The PCA is unprecedented in that it grants UNESCO’s Education Sector the equivalent of US$35 million in multi-year flexible funding support to achieve its expected results under UNESCO’s Programme and Budget 2018-2021 thereby strengthening UNESCO’s contribution to the 2030 Agenda. Sweden’s support to UNESCO’s work for freedom of expression offers a similar level of flexibility, reflecting a high-level of trust in the Organization and designed to set an important precedent for other donors.
“In difficult times, it is important not only to protect human rights but to promote them proactively”, declared Ambassador Markovic during the signing of the agreement. “And Sweden considers UNESCO to be an important global voice for human rights in its fields of competence”, she added.
Anders Rönquist, Head of the Multilateral Unit at the Swedish International Development Cooperation Agency (Sida) declared that “this agreement is a confirmation of a longstanding collaboration between Sweden and UNESCO. We have seen commitment to reform and improvements in UNESCO’s programme delivery over recent years and welcome the newly adopted results framework.”

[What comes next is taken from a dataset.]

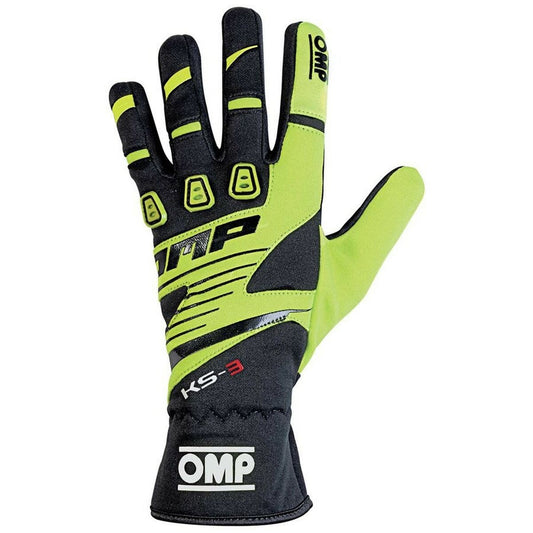 Luvas de karting OMP KS-3, amarelo/preto (tamanho XS)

“I am deeply grateful to Sweden for its outstanding support and trust in the Organization,” said the Director-General of UNESCO. “I am delighted to see it seal a constructive and positive evaluation and it testifies to Sweden’s great confidence in UNESCO.”
This new extrabudgetary support from Sweden builds on the country’s recent organizational assessment of UNESCO and the new Swedish strategy for cooperation with UNESCO, which shows the importance and relevance of UNESCO’s normative function and recognizes the uniqueness of its mandate.